Rights groups are less upbeat over this development. As the government monitors the growing remittances from Sri Lankans working overseas, rights advocates say it continues to ignore persistent abuses endured by its citizens abroad, especially in the Middle East. Remittances account for more than 35% of Sri Lanka's foreign exchange needs. With an unemployment rate hovering between 5% and 6% in the last five years, the government has been compelled to encourage work migration despite the risks to which its exposes its citizens.
Each year, more than 200,000 Sri Lankans go overseas to work, most of them heading for the Middle East. Official statistics show that 53% are women, the majority of them unskilled.
Rights advocates say female domestic workers are the most victimized among Sri Lanka's overseas laborers, suffering abuses ranging from non-payment of wages to rape. They say most of such abuses occur in Middle Eastern countries, where facilities for domestic workers are also poor or practically non-existent.
The government argues that private employment agents are to blame, primarily for "irregular" recruitment where workers are at the mercy of their employer due to a lack of a proper work contract. It has also said that fewer than 10% of the Sri Lankan workforce overseas has filed complaints.

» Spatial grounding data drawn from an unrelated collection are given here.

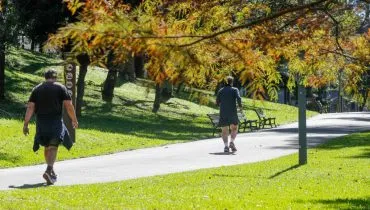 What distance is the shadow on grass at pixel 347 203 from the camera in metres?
10.0

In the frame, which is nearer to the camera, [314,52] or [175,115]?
[314,52]

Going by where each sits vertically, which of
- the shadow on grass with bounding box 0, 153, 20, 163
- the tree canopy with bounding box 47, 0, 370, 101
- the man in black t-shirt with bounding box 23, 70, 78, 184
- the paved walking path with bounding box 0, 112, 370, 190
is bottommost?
the paved walking path with bounding box 0, 112, 370, 190

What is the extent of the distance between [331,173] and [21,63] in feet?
103

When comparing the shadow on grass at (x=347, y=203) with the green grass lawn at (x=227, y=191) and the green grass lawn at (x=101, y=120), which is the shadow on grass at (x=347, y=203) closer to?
the green grass lawn at (x=227, y=191)

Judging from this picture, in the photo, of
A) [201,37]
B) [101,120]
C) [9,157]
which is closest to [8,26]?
[101,120]

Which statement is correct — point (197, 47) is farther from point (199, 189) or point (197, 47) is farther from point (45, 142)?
point (45, 142)

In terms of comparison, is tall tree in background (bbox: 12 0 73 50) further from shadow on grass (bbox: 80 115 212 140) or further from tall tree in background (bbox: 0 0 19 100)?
shadow on grass (bbox: 80 115 212 140)

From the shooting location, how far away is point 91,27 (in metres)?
5.55

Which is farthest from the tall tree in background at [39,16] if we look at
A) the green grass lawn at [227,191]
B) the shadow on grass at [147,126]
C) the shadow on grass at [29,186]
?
the shadow on grass at [29,186]

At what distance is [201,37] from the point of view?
250 inches

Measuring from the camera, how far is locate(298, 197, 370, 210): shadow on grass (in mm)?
10031

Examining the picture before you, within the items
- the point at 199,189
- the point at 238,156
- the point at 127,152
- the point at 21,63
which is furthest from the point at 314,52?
the point at 21,63

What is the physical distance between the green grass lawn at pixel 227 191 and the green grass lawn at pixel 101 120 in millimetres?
1434

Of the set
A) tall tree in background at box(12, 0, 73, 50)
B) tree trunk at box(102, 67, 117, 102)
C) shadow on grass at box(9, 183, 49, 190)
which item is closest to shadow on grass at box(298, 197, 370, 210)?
shadow on grass at box(9, 183, 49, 190) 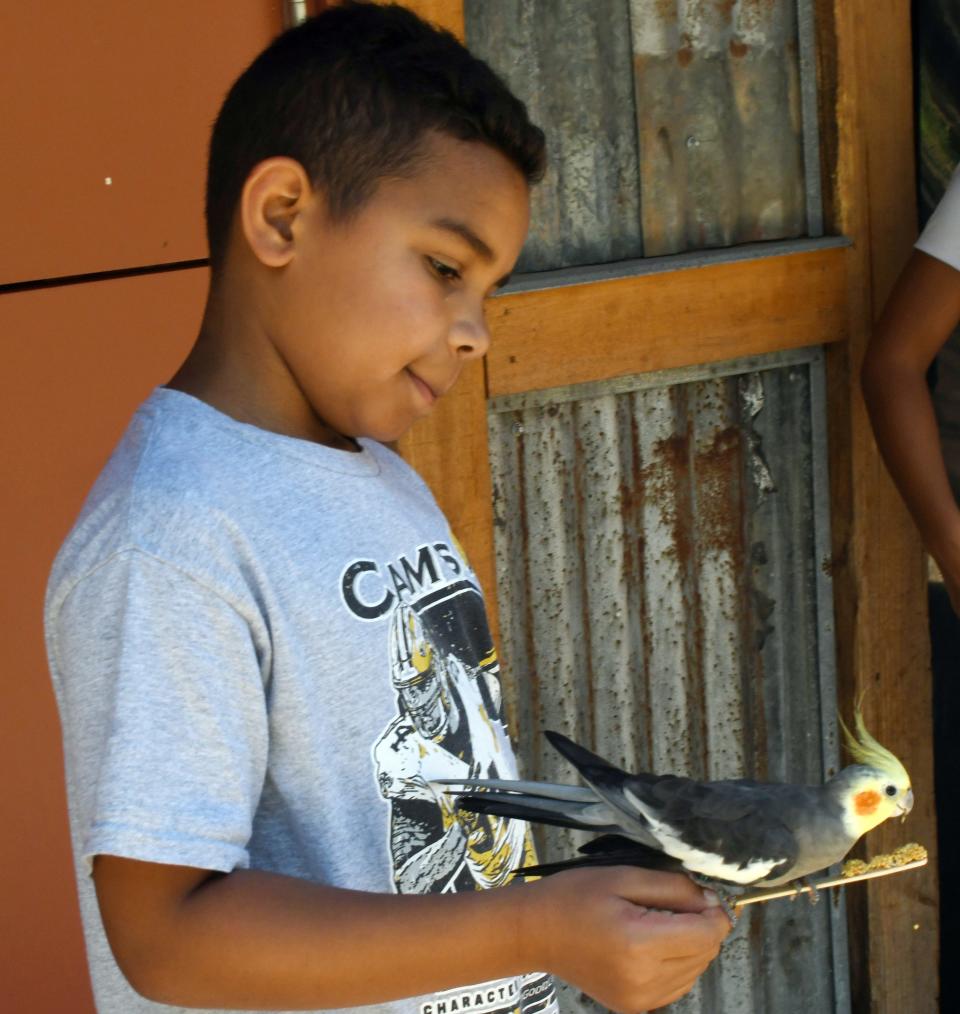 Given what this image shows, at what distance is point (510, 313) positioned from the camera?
257 cm

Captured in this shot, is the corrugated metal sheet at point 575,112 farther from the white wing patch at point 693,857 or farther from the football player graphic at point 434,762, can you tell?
the white wing patch at point 693,857

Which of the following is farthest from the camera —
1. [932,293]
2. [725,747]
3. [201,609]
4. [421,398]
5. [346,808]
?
[725,747]

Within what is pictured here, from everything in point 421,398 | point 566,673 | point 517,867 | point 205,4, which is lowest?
point 517,867

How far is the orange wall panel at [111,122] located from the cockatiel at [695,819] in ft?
A: 4.26

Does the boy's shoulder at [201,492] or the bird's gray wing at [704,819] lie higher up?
the boy's shoulder at [201,492]

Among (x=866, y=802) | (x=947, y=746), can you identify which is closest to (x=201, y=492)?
(x=866, y=802)

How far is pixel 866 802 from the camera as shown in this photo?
1.65 m

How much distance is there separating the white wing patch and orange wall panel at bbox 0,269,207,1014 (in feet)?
4.25

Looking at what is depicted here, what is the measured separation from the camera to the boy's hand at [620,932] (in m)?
1.31

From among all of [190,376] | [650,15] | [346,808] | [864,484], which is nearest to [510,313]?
[650,15]

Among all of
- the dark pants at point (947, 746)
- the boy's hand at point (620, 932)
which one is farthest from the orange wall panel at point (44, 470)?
the dark pants at point (947, 746)

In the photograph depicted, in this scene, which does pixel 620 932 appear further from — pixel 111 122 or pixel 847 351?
pixel 847 351

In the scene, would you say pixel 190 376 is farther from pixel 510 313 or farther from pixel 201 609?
pixel 510 313

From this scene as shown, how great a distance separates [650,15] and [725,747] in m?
1.45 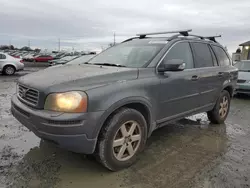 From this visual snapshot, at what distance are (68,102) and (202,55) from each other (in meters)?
3.04

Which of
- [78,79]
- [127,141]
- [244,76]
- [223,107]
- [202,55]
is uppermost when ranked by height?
[202,55]

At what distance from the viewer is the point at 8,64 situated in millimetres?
15820

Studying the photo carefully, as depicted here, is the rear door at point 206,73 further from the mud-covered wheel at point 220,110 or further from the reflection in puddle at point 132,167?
the reflection in puddle at point 132,167

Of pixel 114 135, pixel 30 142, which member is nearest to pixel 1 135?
pixel 30 142

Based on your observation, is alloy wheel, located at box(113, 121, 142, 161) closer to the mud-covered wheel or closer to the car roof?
the car roof

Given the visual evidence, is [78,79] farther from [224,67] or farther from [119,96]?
[224,67]

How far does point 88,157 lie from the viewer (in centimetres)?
367

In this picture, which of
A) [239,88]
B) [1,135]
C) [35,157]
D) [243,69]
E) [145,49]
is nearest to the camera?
[35,157]

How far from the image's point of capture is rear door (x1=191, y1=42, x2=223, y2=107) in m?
4.61

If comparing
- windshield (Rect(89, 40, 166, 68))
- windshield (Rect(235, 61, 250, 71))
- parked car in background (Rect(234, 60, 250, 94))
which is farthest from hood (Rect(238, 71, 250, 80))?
windshield (Rect(89, 40, 166, 68))

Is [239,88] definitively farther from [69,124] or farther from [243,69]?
[69,124]

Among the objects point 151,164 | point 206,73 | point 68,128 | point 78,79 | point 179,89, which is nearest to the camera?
point 68,128

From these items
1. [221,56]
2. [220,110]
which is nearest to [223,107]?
[220,110]

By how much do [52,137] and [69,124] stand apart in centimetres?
27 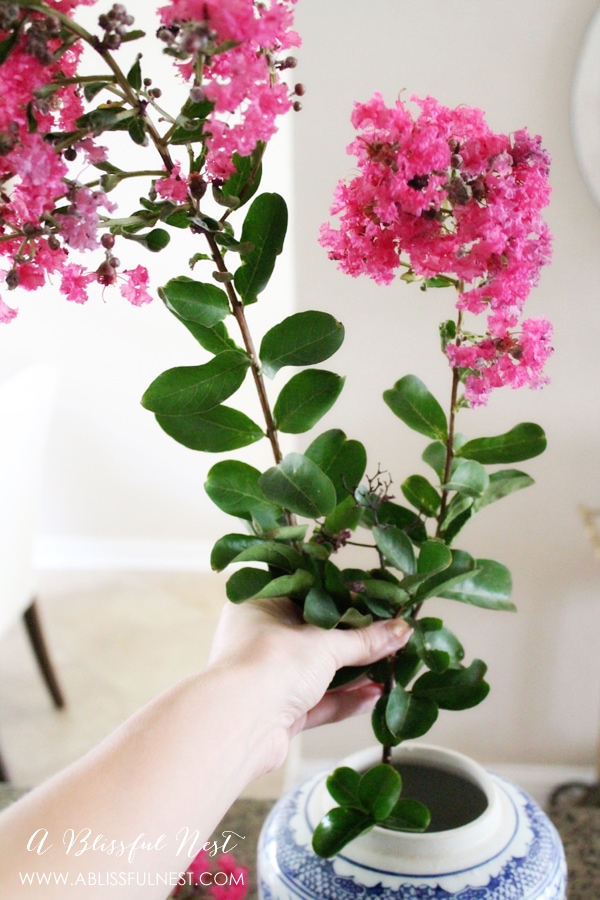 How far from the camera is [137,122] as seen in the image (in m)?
0.55

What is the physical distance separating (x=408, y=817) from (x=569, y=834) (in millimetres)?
679

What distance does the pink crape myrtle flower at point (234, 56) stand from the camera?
453 millimetres

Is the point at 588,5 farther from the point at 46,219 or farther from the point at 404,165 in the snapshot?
the point at 46,219

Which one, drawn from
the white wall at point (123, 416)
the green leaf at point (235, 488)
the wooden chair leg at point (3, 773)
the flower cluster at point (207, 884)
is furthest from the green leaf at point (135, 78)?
the white wall at point (123, 416)

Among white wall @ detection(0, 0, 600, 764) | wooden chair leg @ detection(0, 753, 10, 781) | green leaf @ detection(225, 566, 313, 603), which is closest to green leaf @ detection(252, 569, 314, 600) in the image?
green leaf @ detection(225, 566, 313, 603)

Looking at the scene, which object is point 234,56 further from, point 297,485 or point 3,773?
point 3,773

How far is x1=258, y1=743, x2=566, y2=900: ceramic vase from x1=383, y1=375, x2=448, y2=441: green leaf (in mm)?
388

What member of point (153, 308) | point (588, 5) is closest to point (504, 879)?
point (588, 5)

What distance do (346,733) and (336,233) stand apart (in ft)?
3.39

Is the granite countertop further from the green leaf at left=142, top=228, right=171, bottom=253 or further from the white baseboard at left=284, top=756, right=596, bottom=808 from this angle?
the green leaf at left=142, top=228, right=171, bottom=253

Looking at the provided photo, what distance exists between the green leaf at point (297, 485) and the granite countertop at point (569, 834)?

Recently, however, the government appeared to heed the activists' complaints by saying it was considering a ban on the deployment of workers particularly to the Middle East. It also announced the start of a pilot project in Libya, with the support of the International Organization for Migration (IOM).
Sunil Sirisena, secretary to the Ministry of Foreign Employment Promotion and Welfare, said the government had selected about 500 people to work for a Brazilian company building an international airport in the Libyan capital, Tripoli.
Shantha Kulasekara, migration management head of the IOM in Sri Lanka, said the project aims to ensure quality and prepared labor overseas, and Libya was selected because it is a "non-traditional labor-receiving country".
"We are helping the government to provide quality labor, and if Libya is satisfied there would be many more jobs," Kulasekera said. If this scheme works, women need not go abroad as domestics for jobs that fetch around $150 per month because their husbands can earn more than three times that amount.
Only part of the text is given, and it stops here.